The British had seized much of the land at the time as the Ottoman Empire was falling apart, and Palestinians say the declaration gave away their homeland and provided the impetus for mass Jewish migration.
They argue that the document led to the Nakba -- or catastrophe in Arabic -- in which more than 760,000 Palestinians fled or were driven from their homes in the war surrounding the creation of Israel in 1948.
Foreign minister Riyad al-Malki, in a recent speech on behalf of Palestinian president Mahmud Abbas, said as a result of a promise "hundreds of thousands of Jews from Europe and elsewhere came to settle in Palestine at the expense of our people."

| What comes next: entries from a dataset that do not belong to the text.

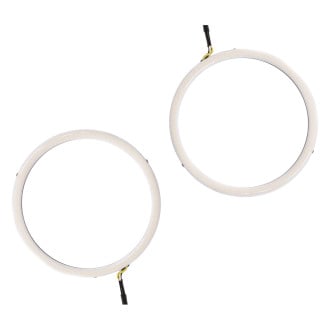 Diode Dynamics® - 5.51" HD Red LED Halo Kit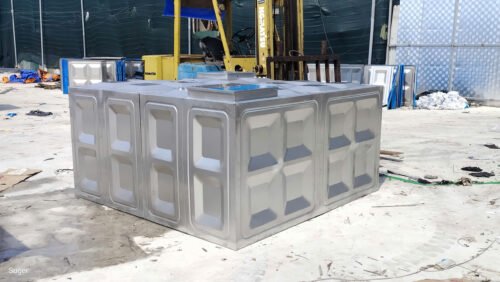 Bể nước ngầm inox công nghệ cao Việt Anh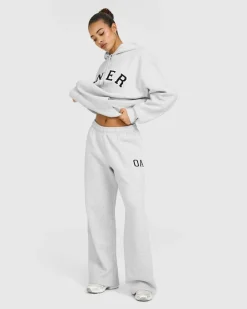 Foundations Oversized Oner Girlfriend Straight Leg Joggers
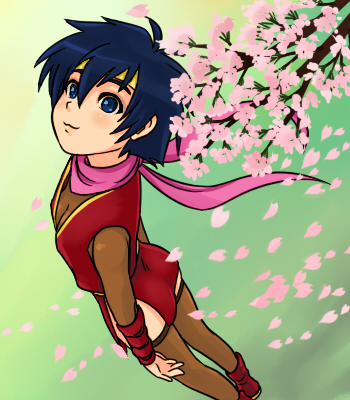 1girl, ass, black_hair, breasts, cleavage, commentary_request, gensou_suikoden, gensou_suikoden_i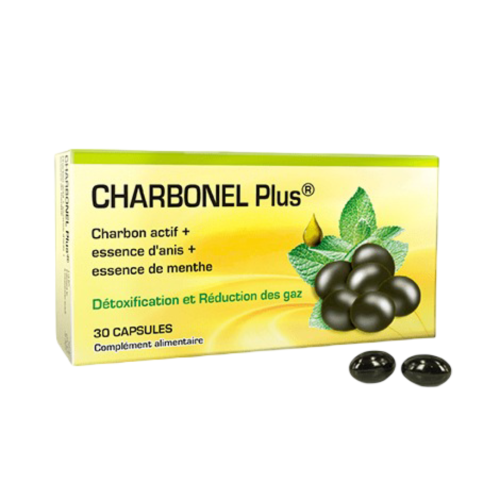 Complément Charbonel Plus 30 Capsules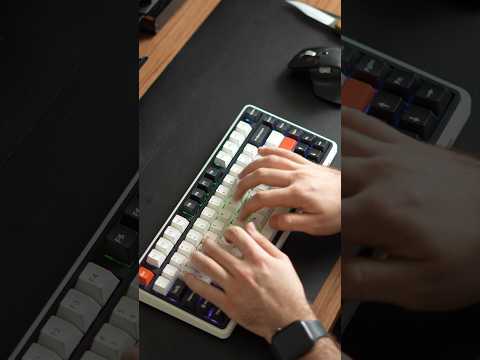 This might be the most silent keyboard out there!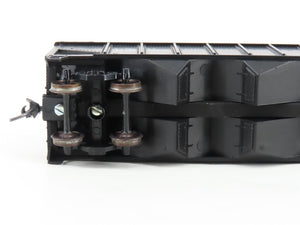 LOT of 2 HO Roundhouse 1499 C&O Progress 3-Bay Hopper w/ Coal Load - Upgraded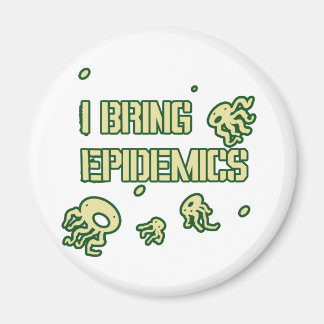 JAG GER EPIDEMICS MAGNET
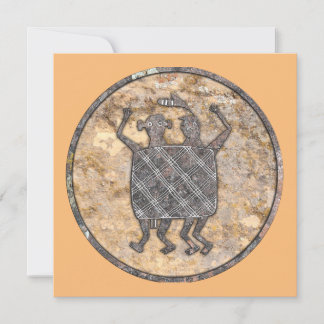 Mimbres Pottery Design Kaart
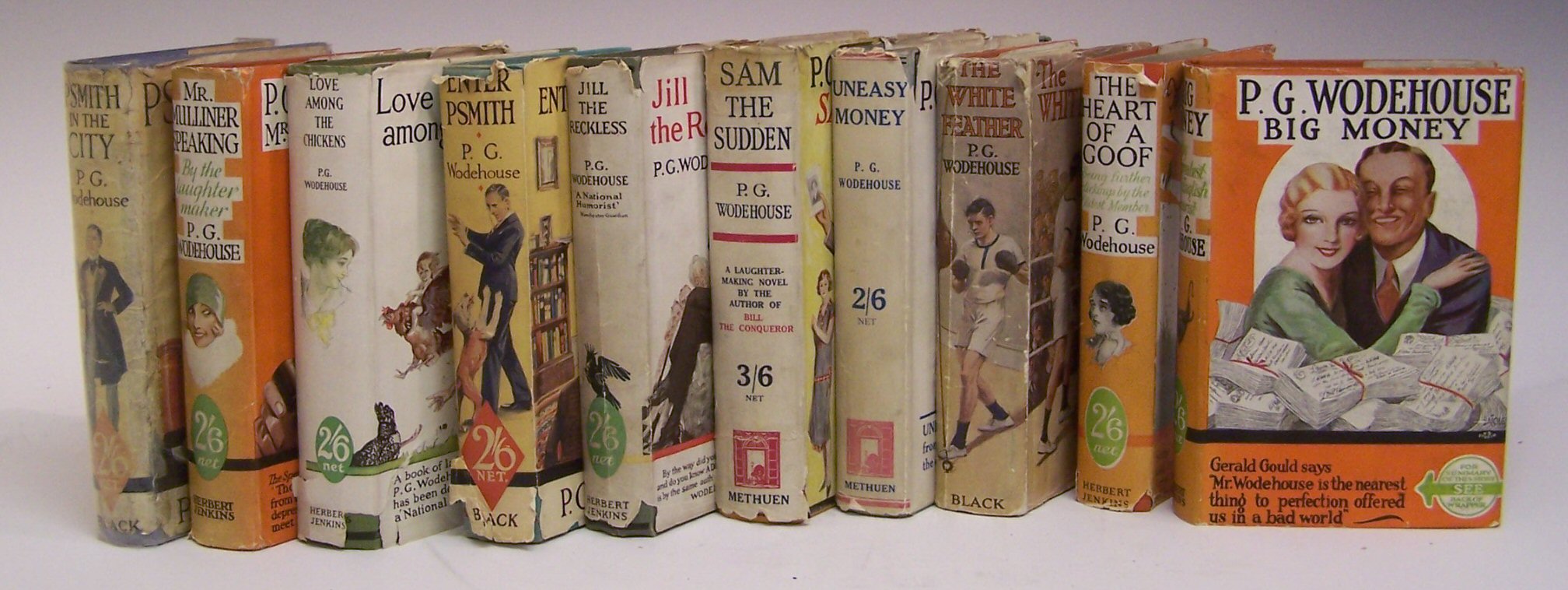 Wodehouse, P.G.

Israel's foreign ministry said the legal campaign amounts to a refusal "to recognise the legitimate and indigenous connection of the Jewish people to their ancient homeland."
- 'Moral argument' -
Asked by AFP to clarify what the claim would be and to which court it would be submitted, a spokesman for the Palestinian foreign ministry said that would soon be decided.
If seeking reparations, such a court case would be rare.
Eric Posner, law professor at the University of Chicago and author of a paper on reparations in international law, said he could not think of an example of international courts being used in this manner.
In most cases, he said, reparations are given by governments that wish to atone for previous acts.
In West Germany, for example, the government set a policy that Holocaust victims could claim damages, as did the US Congress for Japanese Americans interned during the Second World War.
But Britain has never apologised for the Balfour Declaration.
"People don't generally try to go to an international court. They go to the government and make what they see as a moral argument," Posner said.
If the Palestinian government is set on the international courts, the first potential route would be through the United Nations' legal body, the International Court of Justice, analysts say.
Palestine is not a full UN member state, though it has observer status.
Stuart Casey-Maslen, professor of law at the University of Pretoria in South Africa, said the Palestinians could get a vote in the UN General Assembly calling on the ICJ to investigate.
But the ICJ would only be able to judge the case by the laws that existed in 1917, Casey-Maslen explained.
This is before many of the basic principles of international law were agreed upon and as such the law is "likely to be very favourable to the UK."
The principle of the Balfour Agreement was also ratified in 1922 by the League of Nations, the forerunner to the United Nations.
Casey-Maslen explained that in any suit the Palestinians would need to show that the declaration directly led to the Nakba and was not "superseded by subsequent events, including of course the Holocaust and the creation of the UN and its intervention in Palestine."
The United Nations in 1947 adopted a plan for dividing the land into two states, one for Arabs and another for Jews.
- 'Line in the sand' -
Alternatively, individual Palestinians could pursue the case in the British legal system.
In 2012, Kenyans who were tortured during the quashing of the 1952-1960 Mau Mau uprising won a case in the British High Court, with payouts totalling 20 million pounds ($26 million, 23.5 million euros).
But the length of time since the Balfour Declaration and the lack of survivors makes that route difficult as well.
"We succeeded in the Mau Mau case because there were people still living from the era," Martyn Day, senior partner at the Leigh Day law firm that brought the case, said.
"We had five test cases and one of the cases died during the action, and the judge decided against that action.
"That is a pretty clear line in the sand."
Asked to rate the chance of any legal success through the courts, the four experts' opinions ranged from small to "negligible."
But Andrew Kent, law professor at Fordham University in New York, pointed out that the Palestinians may see victory more in political than legal terms.
"Could they get a statement from the UN General Assembly? Sure," he said.
"Could they get a political statement from the (UN) Human Rights Committee? Sure. But those would not be lawsuits and would not be binding."